By Brenda Norrell, Censored News

NEW BRUNSWICK, New Jersey -- The threats, pressure from a U.S. Congressman, and 12,000 e-mails, didn't shut down the event, "Race, Liberation and Palestine," at Rutgers University.

Nick Estes, Lakota, Lower Brule in South Dakota, said the U.S. had more than 400 federal institutions dedicated to removing Native children from their families, all across the United States, and in Alaska and the Pacific.

Look at the headstones at Carlisle Barracks, where there are more than 200 headstones, Estes said.

"Those are Native children who died at that school. Half of the class of 1879 died at this school."

"What kind of school kills half of its class," Estes said of the military installation turned into a boarding school in Pennsylvania.

"We have our own concept of what genocide is. It is about severing relations."

"Why else would you kill children, except to take away and steal the future."

A Congressman was among those applying pressure to shut down the university event. U.S. Rep. Josh Gottheimer, D-N.J. 5th District, objected to two of three speakers scheduled to speak at an event late Thursday afternoon on the New Brunswick campus. Rutgers refused to shut it down after the Congressman targeted Nick Estes and former CNN commentator Marc Lamont Hill.

Rutgers Professor Brittney Cooper begins the program by speaking on grief. She speaks on rising above personal grief, and remembering, "We are still here." Cooper is a tenured professor of Women and Gender Studies, author, professor, activist, and cultural critic.

Moderator Sylvia Chan-Malik begins with the words of Angela Davis.

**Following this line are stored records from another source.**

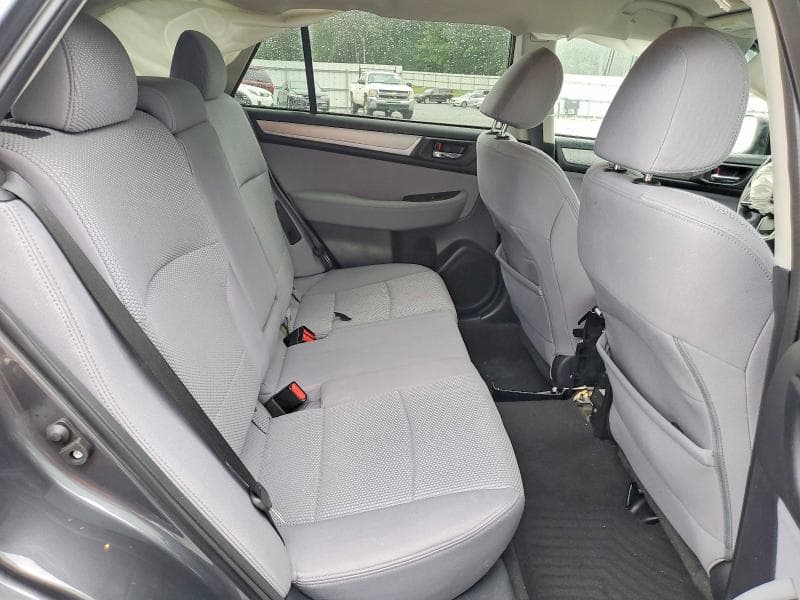 2019 SUBARU OUTBACK 2.5I PREMIUM 11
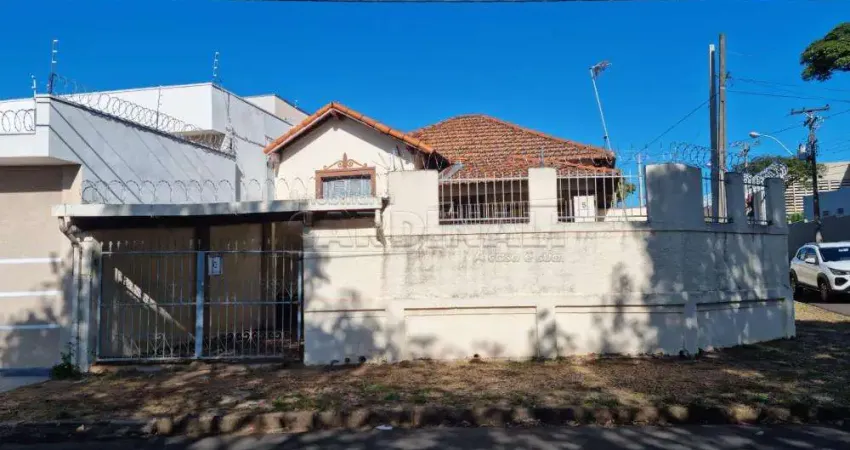 Casa com 3 quartos à venda na Rua José Benetti, 05, Vila Prado, São Carlos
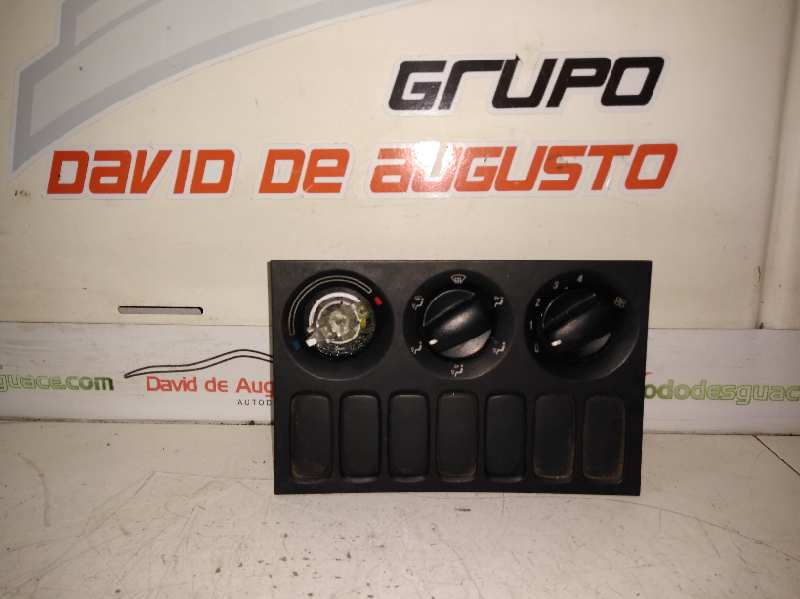 Mando calefaccion /  aire acondicionado scania serie pgr (lclase) f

"Genocide is not possible without racism," said Rutgers Professor Noura Erakat, who describes the mass murder of children in Gaza and the widespread effort to make Palestinians "invisible."

Erakat also describes the lawsuit filed by the Center for Constitutional Rights charging President Biden for his role in genocide in Palestine.

"Now, they are targeting the very places that they told the people to evacuate to," Erakat said.

"They are arriving with their family members' body parts in bags."

Professor and author Marc Lamont Hill said, "This is not about eliminating Hamas, it is about ethnic cleansing."

"It is genocide."

Hill described the atrocity of premature babies in Gaza being denied electricity for their incubators.

"This is a moral atrocity."

Read more at Censored News

https://bsnorrell.blogspot.com/2023/12/race-liberation-and-palestine-watch.html

Watch event online https://www.youtube.com/watch?v=TRQXuQwYmO8

About the speakers

Nick Estes, Lakota, Lower Brule, South Dakota, is an award-winning author, co-founder of The Red Nation, and professor at the University of Minnesota. Estes was among the voices at the forefront at Standing Rock, in the resistance to the Dakota Access Pipeline.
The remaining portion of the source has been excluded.